Records follow. Print exactly the lines from the one that has "Textieltape tesa® extra" through the one that has "1boy 1boy1girl 1girls", inclusive, and omit the pictures.

• Provided records
--- START ---
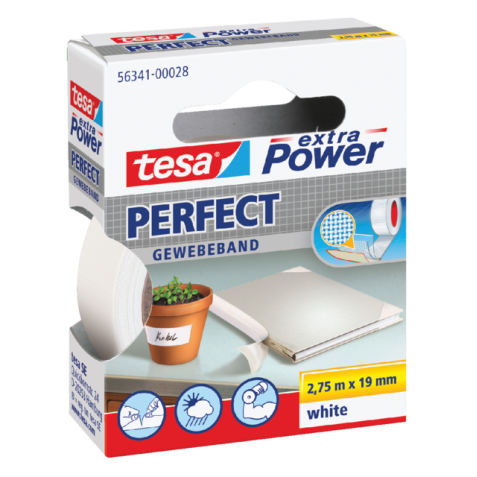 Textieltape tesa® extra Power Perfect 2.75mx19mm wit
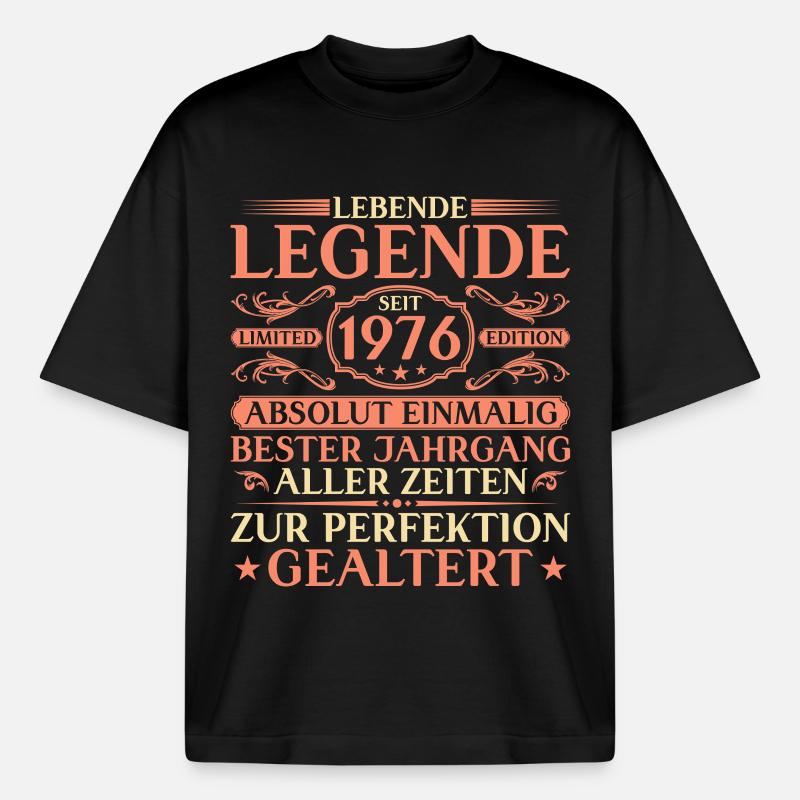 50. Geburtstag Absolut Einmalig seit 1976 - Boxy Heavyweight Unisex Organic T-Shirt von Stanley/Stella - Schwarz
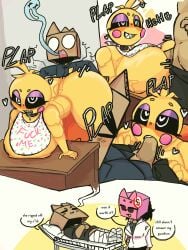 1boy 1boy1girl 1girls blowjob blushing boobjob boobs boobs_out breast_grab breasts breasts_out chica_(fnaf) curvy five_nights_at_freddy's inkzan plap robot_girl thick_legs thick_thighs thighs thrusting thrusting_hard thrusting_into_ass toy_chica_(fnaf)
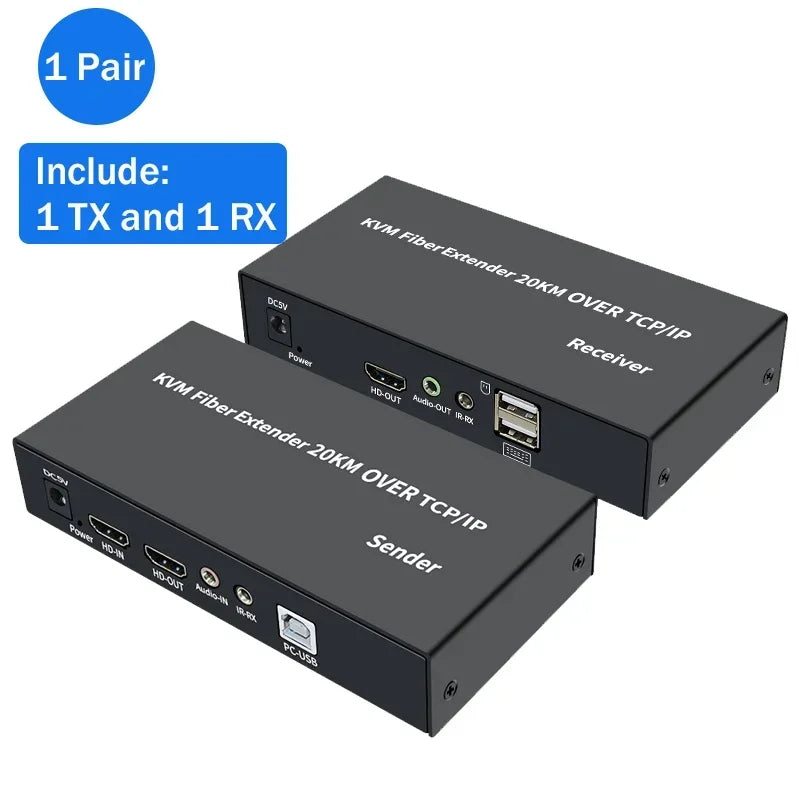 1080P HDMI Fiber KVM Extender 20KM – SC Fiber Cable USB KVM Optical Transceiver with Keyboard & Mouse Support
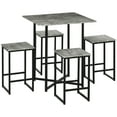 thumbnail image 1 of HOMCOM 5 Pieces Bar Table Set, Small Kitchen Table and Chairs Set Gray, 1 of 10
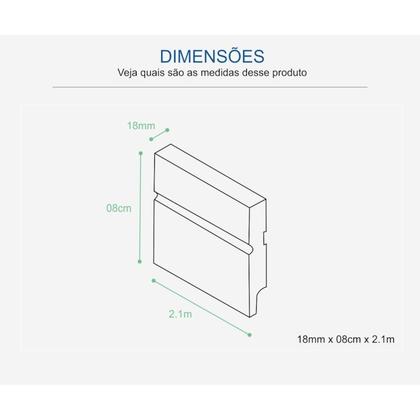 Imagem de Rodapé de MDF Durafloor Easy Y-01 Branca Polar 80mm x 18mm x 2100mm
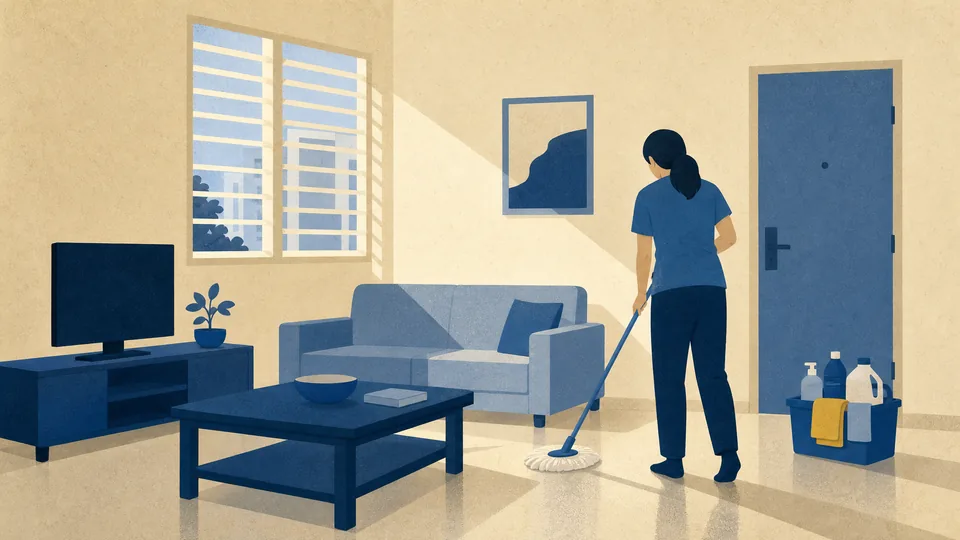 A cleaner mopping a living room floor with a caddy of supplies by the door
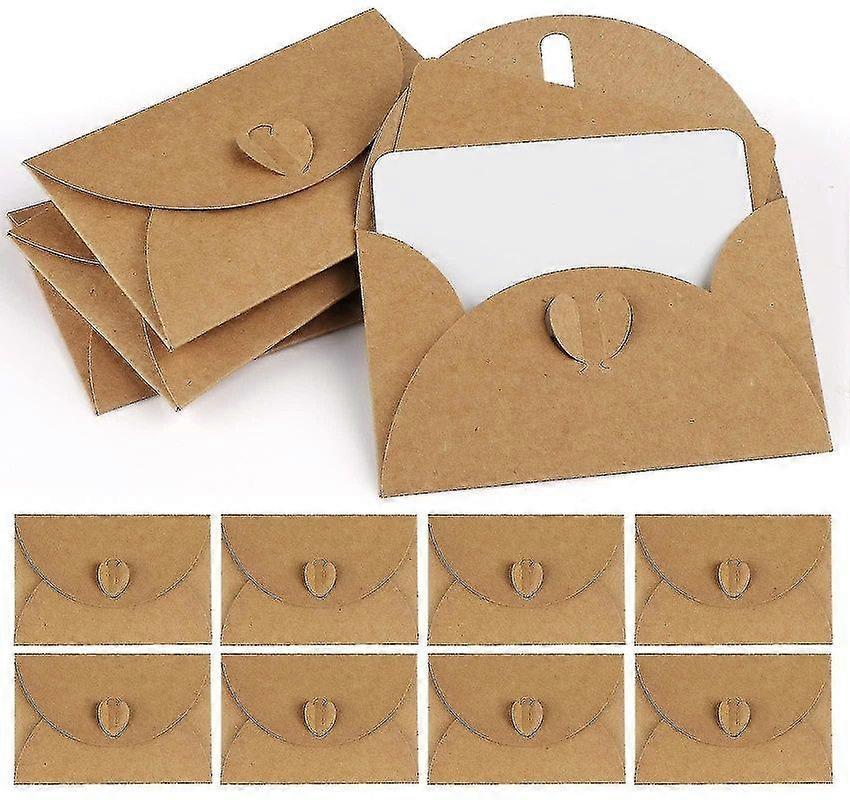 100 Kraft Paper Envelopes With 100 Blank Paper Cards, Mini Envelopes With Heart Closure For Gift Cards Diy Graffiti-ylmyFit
--- END ---
--- START ---
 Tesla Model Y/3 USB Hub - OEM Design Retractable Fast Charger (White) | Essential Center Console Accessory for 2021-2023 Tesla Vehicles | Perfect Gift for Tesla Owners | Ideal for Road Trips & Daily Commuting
--- END ---
--- START ---
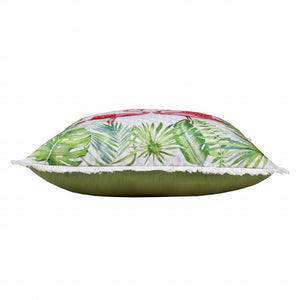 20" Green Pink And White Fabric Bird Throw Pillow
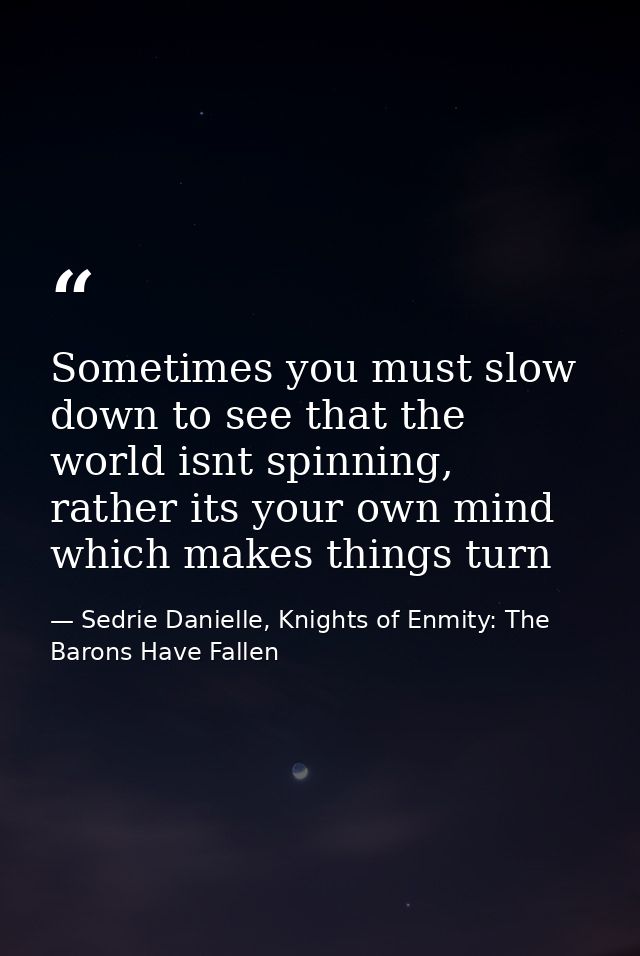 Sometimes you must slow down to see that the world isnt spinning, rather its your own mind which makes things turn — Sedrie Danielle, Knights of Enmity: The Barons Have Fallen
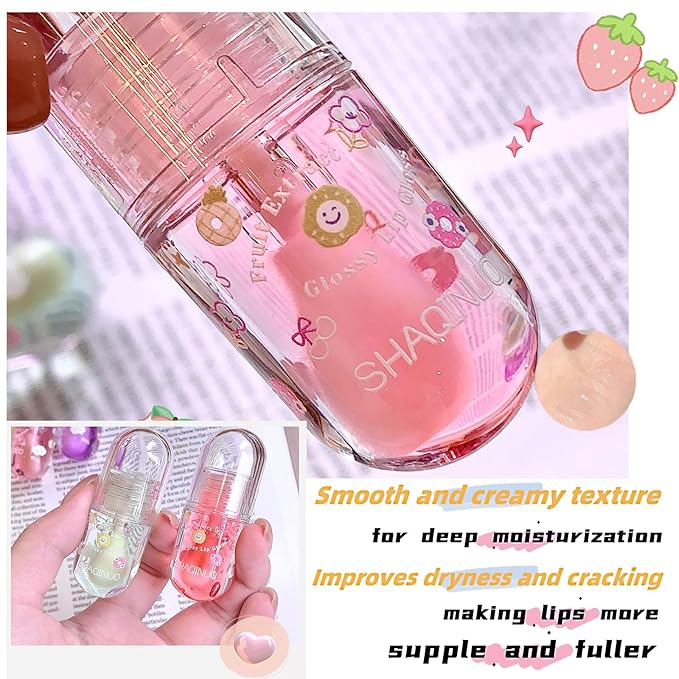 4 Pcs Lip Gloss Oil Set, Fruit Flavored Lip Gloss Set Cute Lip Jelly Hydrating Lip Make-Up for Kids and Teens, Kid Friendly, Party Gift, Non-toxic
--- END ---
• Task response
 Textieltape tesa® extra Power Perfect 2.75mx19mm wit
 50. Geburtstag Absolut Einmalig seit 1976 - Boxy Heavyweight Unisex Organic T-Shirt von Stanley/Stella - Schwarz
 1boy 1boy1girl 1girls blowjob blushing boobjob boobs boobs_out breast_grab breasts breasts_out chica_(fnaf) curvy five_nights_at_freddy's inkzan plap robot_girl thick_legs thick_thighs thighs thrusting thrusting_hard thrusting_into_ass toy_chica_(fnaf)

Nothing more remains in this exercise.